New Yorkers have plenty of reservations — about going out to eat.
Table bookings in Manhattan restaurants are down 64% in January 2022 compared to pre-pandemic January 2020 – only San Francisco (-66%) and Cambridge, Mass. (-75%) have fared worse, according to new data released by OpenTable and crunched by celebrity statistician Nate Silver of FiveThirtyEight.com.
Brooklyn boites are starved for diners, too, with reservations down 55%. Data for the other boroughs were not available.
“It’s a ghost town out there,” one Little Italy restaurant manager told The Post, citing the failure of city officials to contain crime and chaos, which drives away both tourists and local diners.
“New York City can’t recover unless bars and restaurants are at the core of the recovery,” said Andrew Rigie, executive director of the NYC Hospitality Alliance.
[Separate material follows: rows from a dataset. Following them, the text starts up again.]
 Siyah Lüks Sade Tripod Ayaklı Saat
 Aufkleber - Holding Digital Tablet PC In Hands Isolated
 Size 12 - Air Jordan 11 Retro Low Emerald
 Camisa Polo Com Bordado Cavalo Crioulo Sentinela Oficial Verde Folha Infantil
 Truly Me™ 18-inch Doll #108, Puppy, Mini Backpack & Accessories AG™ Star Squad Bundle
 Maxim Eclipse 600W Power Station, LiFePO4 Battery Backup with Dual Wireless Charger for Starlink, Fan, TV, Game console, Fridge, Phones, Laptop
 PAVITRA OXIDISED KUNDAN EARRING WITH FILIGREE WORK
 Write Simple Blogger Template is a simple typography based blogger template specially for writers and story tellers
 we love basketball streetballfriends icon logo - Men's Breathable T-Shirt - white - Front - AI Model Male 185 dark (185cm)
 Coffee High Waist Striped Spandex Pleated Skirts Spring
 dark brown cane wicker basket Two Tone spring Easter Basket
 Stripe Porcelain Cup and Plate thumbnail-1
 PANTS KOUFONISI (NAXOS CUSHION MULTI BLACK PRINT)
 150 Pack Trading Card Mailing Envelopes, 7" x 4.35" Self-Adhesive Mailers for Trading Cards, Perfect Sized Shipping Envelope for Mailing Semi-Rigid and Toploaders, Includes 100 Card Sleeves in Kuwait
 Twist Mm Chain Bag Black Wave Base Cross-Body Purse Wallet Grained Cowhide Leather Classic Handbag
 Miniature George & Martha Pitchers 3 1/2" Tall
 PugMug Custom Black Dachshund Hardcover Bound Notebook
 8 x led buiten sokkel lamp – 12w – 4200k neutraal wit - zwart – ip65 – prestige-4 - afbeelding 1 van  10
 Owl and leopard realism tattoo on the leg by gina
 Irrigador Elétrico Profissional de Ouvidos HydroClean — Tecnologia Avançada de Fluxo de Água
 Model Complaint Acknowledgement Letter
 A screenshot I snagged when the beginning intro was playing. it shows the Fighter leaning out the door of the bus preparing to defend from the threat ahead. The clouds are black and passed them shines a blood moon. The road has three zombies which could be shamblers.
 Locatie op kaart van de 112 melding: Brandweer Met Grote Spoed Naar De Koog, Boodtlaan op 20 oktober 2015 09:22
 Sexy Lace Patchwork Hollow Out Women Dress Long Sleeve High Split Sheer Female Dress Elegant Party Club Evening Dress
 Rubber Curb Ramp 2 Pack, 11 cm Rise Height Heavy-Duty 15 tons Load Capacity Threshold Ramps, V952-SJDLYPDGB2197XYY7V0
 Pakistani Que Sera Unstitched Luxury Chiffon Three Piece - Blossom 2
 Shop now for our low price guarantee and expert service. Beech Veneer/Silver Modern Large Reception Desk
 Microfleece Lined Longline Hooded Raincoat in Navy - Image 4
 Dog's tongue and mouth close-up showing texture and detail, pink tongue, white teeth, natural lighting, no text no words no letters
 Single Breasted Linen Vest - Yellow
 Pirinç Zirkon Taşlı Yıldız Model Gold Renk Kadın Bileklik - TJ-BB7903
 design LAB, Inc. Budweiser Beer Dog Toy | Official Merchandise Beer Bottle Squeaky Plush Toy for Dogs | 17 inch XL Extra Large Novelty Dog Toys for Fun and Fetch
He cites several major headwinds for Gotham eateries: a lack of tourists, empty office buildings and skittish diners in a city “hit hard by the pandemic” where “people still have different comfort levels” about eating out in public.
The restaurant vaccine mandate, found only in New York City and a small handful of other major cities, also hurts these businesses, he said.
“Many people are planning events in New Jersey instead of New York City. If you live in the Bronx, you might go to Westchester or if you live in Queens you might dine out instead in Nassau County.”
Not every city is struggling. Dinner reservations have increased slightly (1%) in rapidly recovering Las Vegas, while mandate-free Miami is booming, up 14%.